SES New York 2011: Duplicate Content & Multiple Site Issues
Last session of the SES New York 2011 I’ll cover is the session about duplicate content & multiple site issues. We got Brian Ussery of Search Discovery Inc., Eric Enge of Stone Temple Consulting and Tiffany Oberoi of Google’s evil (just kidding, Matt :-)) search quality team. The session is moderated by Anne Kennedy.
Tiffany Oberoi is starting the session.
Duplicate content is not a penalty, it’s just filtered. She start with some tips to reduce pages with duplicate text:
- Someone is using my content, should I worry? A: Get him to link to you.

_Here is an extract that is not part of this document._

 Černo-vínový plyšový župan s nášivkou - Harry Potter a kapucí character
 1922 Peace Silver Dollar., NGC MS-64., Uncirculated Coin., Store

- Add unique & valuable content
- don’t publish stub articles
Country specific content: Google states that they have no problem with that. I’ll say something about that at the end
- consider using top level TLD’s to separate content.
- Avoid using url parameters for country specific content
- Geotargeting in Webmasters Tools
Furthermore she suggests to correct duplicates in Webmasters Tools: look for duplicate descriptions and titles and fix them.
What’s in a name (or url)?
Don’t split up your reputation! Use canonical url’s.
- Duplicate content will make the crawl inefficient and as they have only a crawl budget it well get you important pages not crawled.
- Dilution of link juice
Tiffany now presents some solutions to avoid duplicate content:
1. 301 redirects
- good for the user
- it will transfer link juice
2. Canonical tags: when you can’t do a 301 redirect.
FAQ’s to canonical:
- should they be identical? No, but they have to be very similar
- Should I use canonical for http and https? Yes
- Does it work across hosts / subdomains? Yes
- Does it work across domains? Yes, (at least at Google)
Watch out for:
- Infinite loop of canonicals
- Pointing to a url that doesn’t exist
Identify non-content-related parameters. Let Google ignore these parameters in Webmaster Tools.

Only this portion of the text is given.